American businessman

James R. Kirk is the President and Chief Creative Officer of Corporate Magic, a production company based in Dallas, Texas.

==Career==
Early in his career, Kirk distinguished himself by creating and producing music for American Top 40 and American Country Countdown, in addition to jingles and promotional scores for Coca-Cola, the Boy Scouts of America, and other radio and television stations around the globe. He soon caught the attention of Roy Disney, who hired him in 1975 as creative director for TM Productions, where he created and produced more than 6,500 commercials and station IDs.

- Kirk, along with Fred Hardy, had started a jingle company in 1974. One jingle package they created, "The MOR Overture" would be remade in 1978 by JAM Creative Productions as "I'd Rather Be in Denver," which was created for KIMN in Denver, Colorado and incorporated several cuts from the original package.
- In 1980, Jim Kirk and the TM Singers spent three weeks on the Billboard Hot 100 with "Voice of Freedom". The single, with "The Star Spangled Banner" as a B-side, was released by Capitol Records.

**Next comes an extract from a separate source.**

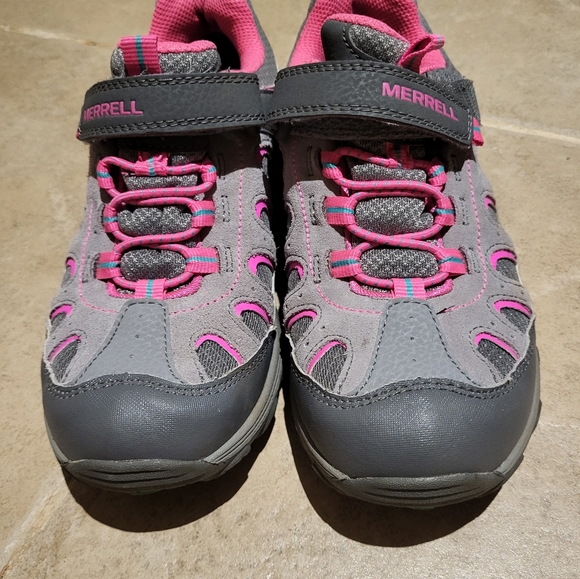 Like New Girls Merrell hiking shoes - Picture 6 of 7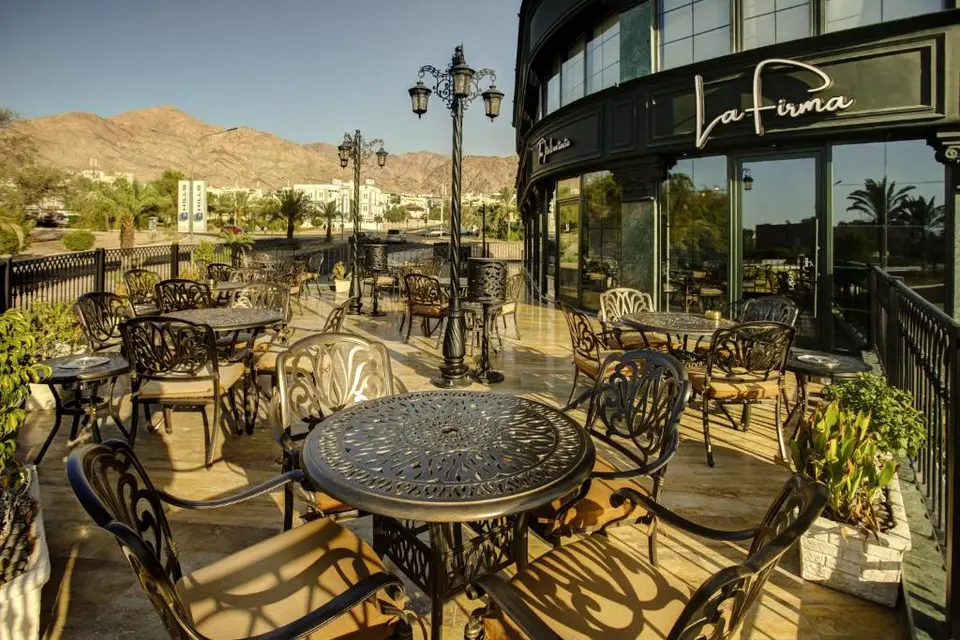Bratus Hotel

It peaked at number 71 in February 1980. All proceeds benefited the American Red Cross. The group also performed the theme song for the 1980 NBC television series Speak Up America.
- In 1984, Kirk created for WFAA-TV in Dallas, Texas an image campaign series entitled "The Spirit of Texas." The success of that campaign led TM Communications and its successor, TM Century, to distribute the campaign series, first to the other Belo stations and then to other television stations well into the 1990s. WFAA carried the musical logo through several packages until 2014, when it adopted a uniform theme from its new owner, Gannett Company (later Tegna Inc.).
- In 1986, Kirk left TM Productions with partner Buddy Scott to start Corporate Magic, a production company specializing in corporate events.
- In 1997, Kirk created and produced the widely acclaimed syndicated program American Moments, starring Charles Kuralt and James Earl Jones.
- In 2000, Gaylord Entertainment purchased Corporate Magic from Kirk, who continues to lead as its president and chief creative officer.

==Corporate Magic==
Corporate Magic is a communications and event production firm, producing shows for companies including Aflac, Boeing, Chevrolet, Coca-Cola, Ford Motor, IBM, Kraft, the National Football League, Nortel, Procter & Gamble, Prudential, Rite Aid and Sherwin-Williams.

Corporate Magic has also staged productions for musical acts Garth Brooks, Keith Urban, Faith Hill, Sting, Toby Keith, Sheryl Crow, The Jonas Brothers, Kelly Clarkson and Carrie Underwood.

On June 6, 2010, Jim Kirk reached an agreement to reacquire Corporate Magic from Gaylord Entertainment. Terms of the transaction were not released.